The chair of the Commission, Dame Leonie Kramer, convened a committee of the three Sydney-based Commissioners — herself, Laurie Short of the Ironworkers Federation, and Ken Tribe, a lawyer and arts administrator, to view the program and decide.
Short (an ALP stalwart) wanted transmission postponed. Kramer (a conservative Fraser appointee) thought that, since the advice of a senior QC was that it was legally defensible, it should air. Tribe cast his vote for transmission, and the program went to air the following night. The rest of the Commission weren’t involved.
Interested readers can find the details here — together with my reasons for believing, not just that the ABC’s MD does not need to be a journalist, but that he or she should not carry the title ‘editor-in-chief’, and should not expect to be consulted about any editorial decision prior to publication.

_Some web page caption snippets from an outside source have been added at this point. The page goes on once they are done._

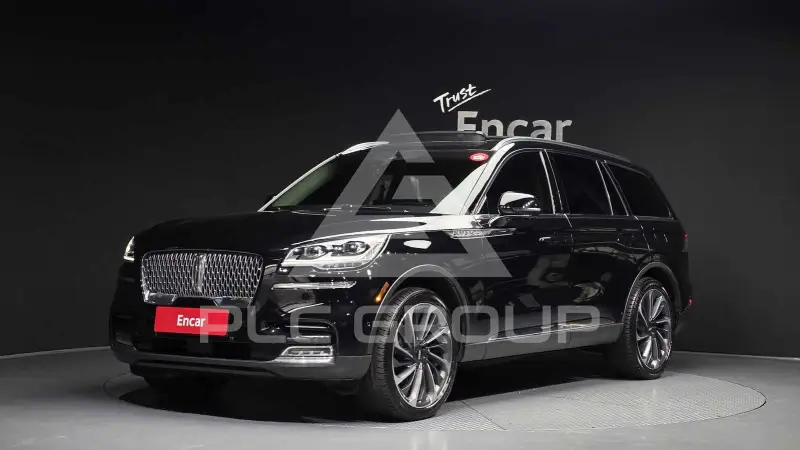 2021 Lincoln Aviator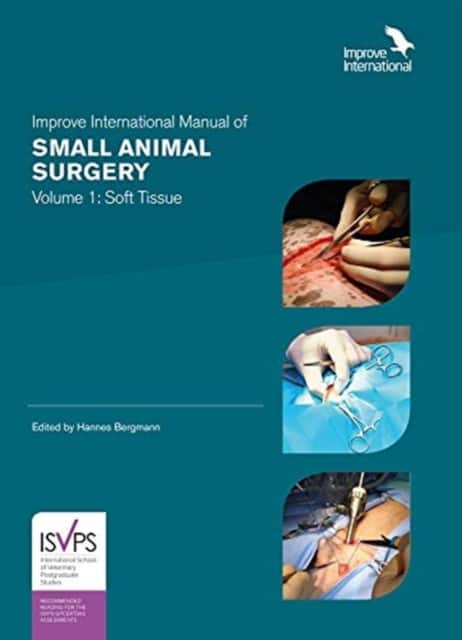 Improve International Manual of Small Animal Surgery av Hannes Bergmann
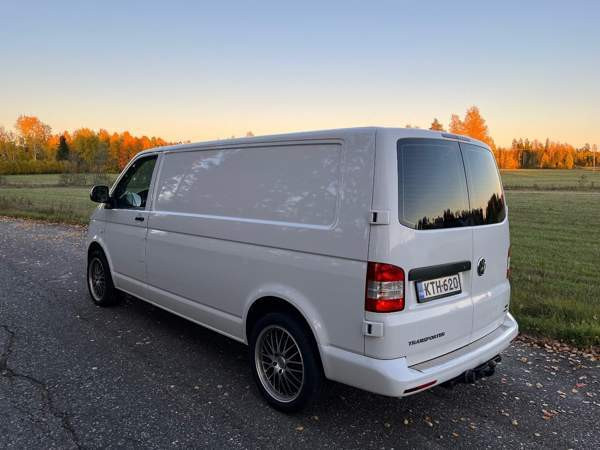 Volkswagen Transporter Orimattila - изображение 3
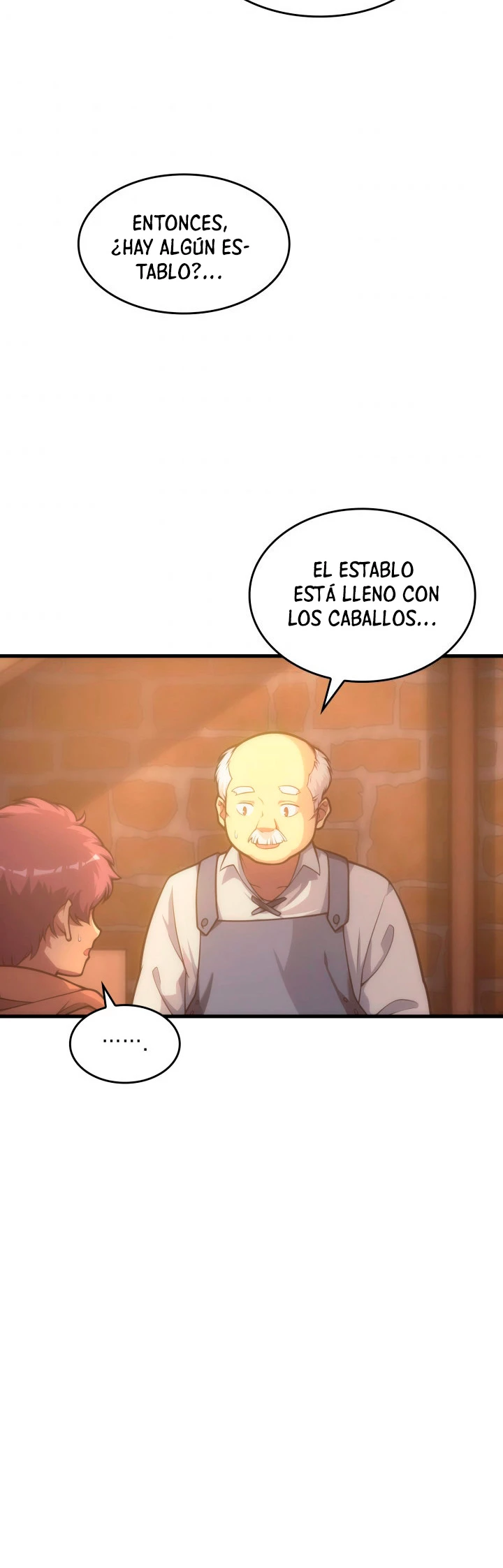 Mi Vida De Funcionario Renacido En El Mundo Extraño capítulo 30, página 30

Peter Shulz writes: Thanks for this thought-provoking range of erudite opinions, which gave my tired old brain a good workout. And how thoughtful of you to give me a chance to relax with some outrageous satire at the end. And good old Gerard can always deliver it with such a straight face. It was satire, wasn’t it?
Robert Smith writes: Usually when you have a satirical article you label it “as told to”. You overlooked that in this case. All those solemn and sensible comments to set up the punch line from “Gerard Henderson”.
On the beauracrats who knew of live export brutality
Mary writes: Thanks again Bernard and Crikey for letting us know how awful and callous these bureaucrats and their political masters and mistresses really are. Given how this government treats human beings, nothing surprising in their attitude to other animals.
Desmond Graham writes: Why not publish a list of bureaucrats who did not know — there are lists of lawyers, doctors, directors etc who have been cautioned , flagellated etc all on the websites of the “disciplinary bodies”. Why not have a list of public servants who have screwed up on the department websites? Or better still have a public interest group publish a list of public servants that have been mentioned as having no knowledge of any of the obvious screw-ups.
Charmaine Tunn writes: The government is simply waiting out the outrage so that it can continue as before. The reluctance to euthanise is probably related to the requirement for reporting deaths over the percentage with exporters leaving the animals suffering in the hope they’ll recover. Thanks again to Bernard Keane.